* _What needs to be done_
Restate all the data word for word and omit the pictures.

[Data section Boundary: Start]

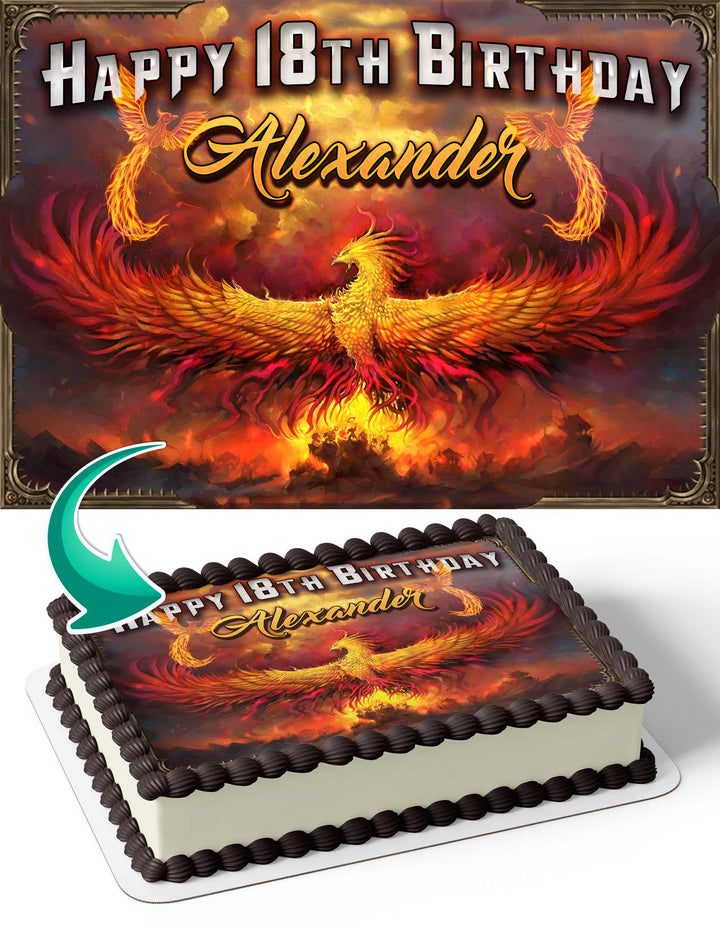 Phoenix Fire Bird Edible Cake Toppers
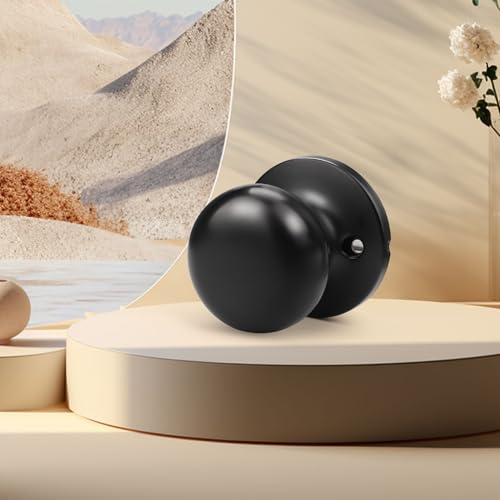GOBEKOR 2 Pack Single Dummy Door Knobs Matte Black Interior Dummy Knobs for French Doors Round Door Knobs Stainless Steel Door Pull - Image 5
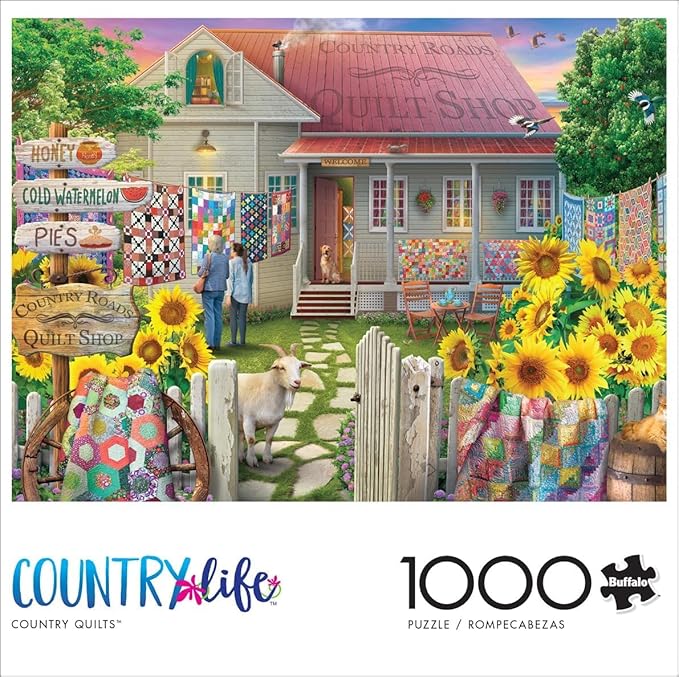 Buffalo Games - Eduard - Country Quilts - 1000 Piece Jigsaw Puzzle for Adults -Challenging Puzzle Perfect for Game Nights - Finished Size is 26.75 x 19.75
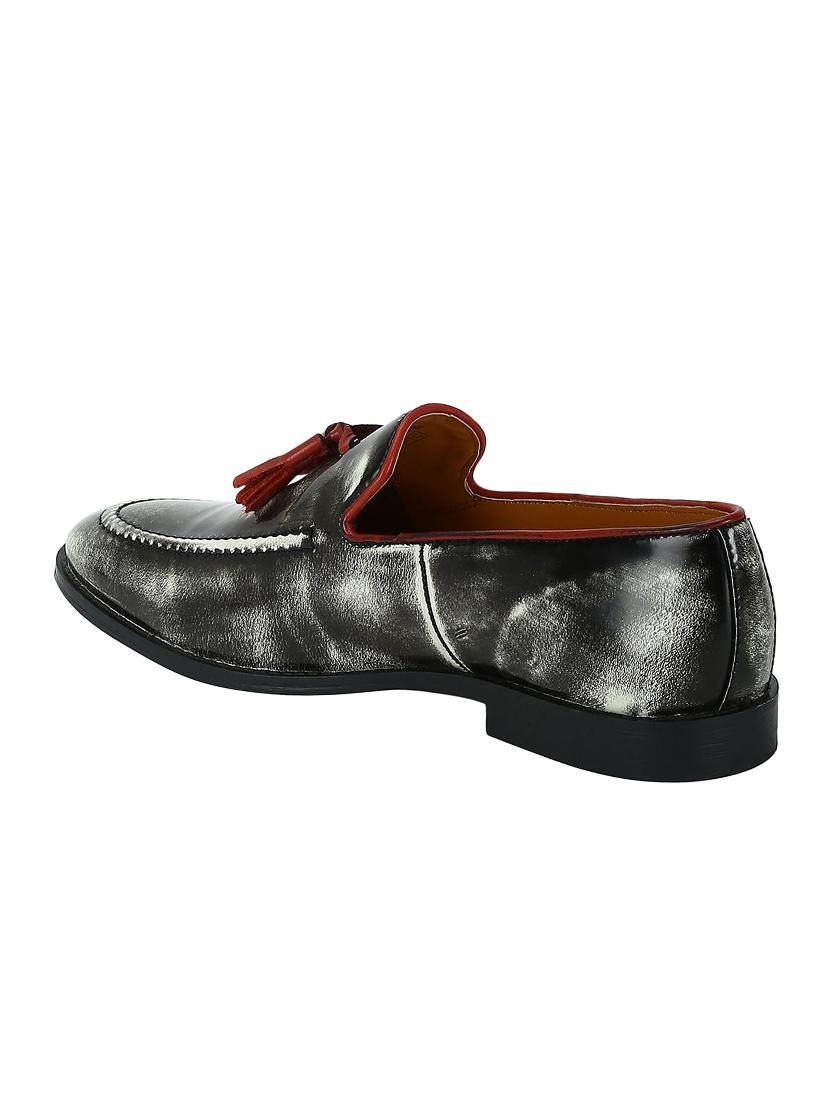 black Leather tassel slipons - 15613208 - Zoom Image - 3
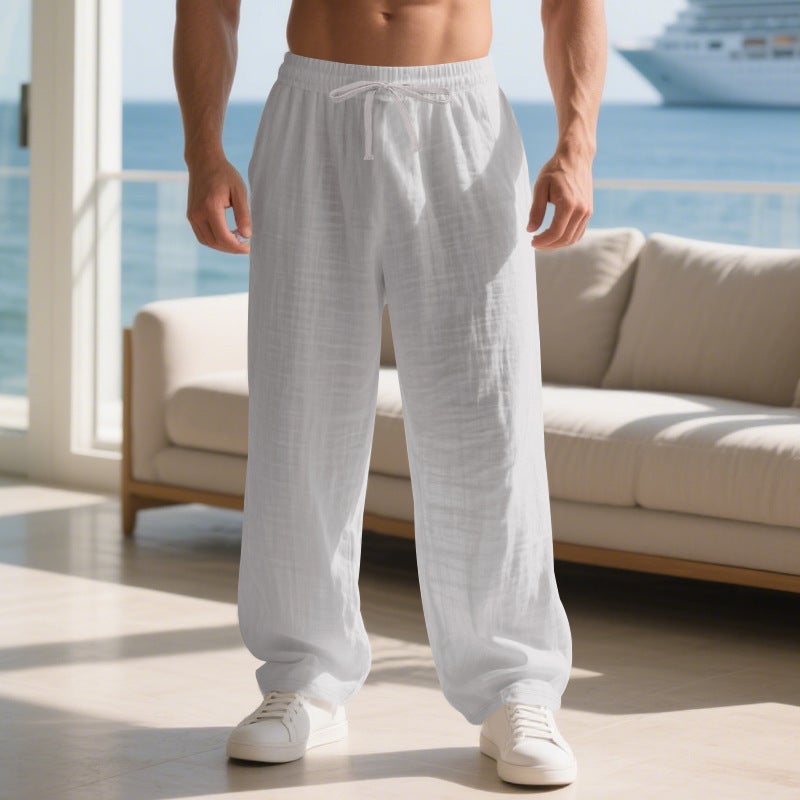Cross-Border Autumn 16-Color -Style Linen Pants for Men, Simple Home Wear, Beach Sports Men''s Straight-Leg Pants - Image 1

[Data section Boundary: End]

* _The completed task_
 Phoenix Fire Bird Edible Cake Toppers
GOBEKOR 2 Pack Single Dummy Door Knobs Matte Black Interior Dummy Knobs for French Doors Round Door Knobs Stainless Steel Door Pull - Image 5
 Buffalo Games - Eduard - Country Quilts - 1000 Piece Jigsaw Puzzle for Adults -Challenging Puzzle Perfect for Game Nights - Finished Size is 26.75 x 19.75
 black Leather tassel slipons - 15613208 - Zoom Image - 3
Cross-Border Autumn 16-Color -Style Linen Pants for Men, Simple Home Wear, Beach Sports Men''s Straight-Leg Pants - Image 1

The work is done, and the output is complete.